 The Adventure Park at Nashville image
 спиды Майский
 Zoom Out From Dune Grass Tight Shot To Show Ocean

==

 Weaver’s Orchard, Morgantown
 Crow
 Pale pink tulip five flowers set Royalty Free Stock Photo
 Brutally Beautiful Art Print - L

Exercise: Set down only the lines above that fall between the line holding "Pale pink tulip" and the line holding "Brutally Beautiful Art Print - L", inclusive, keeping each exact.

Expected answer:
 Pale pink tulip five flowers set Royalty Free Stock Photo
 Brutally Beautiful Art Print - L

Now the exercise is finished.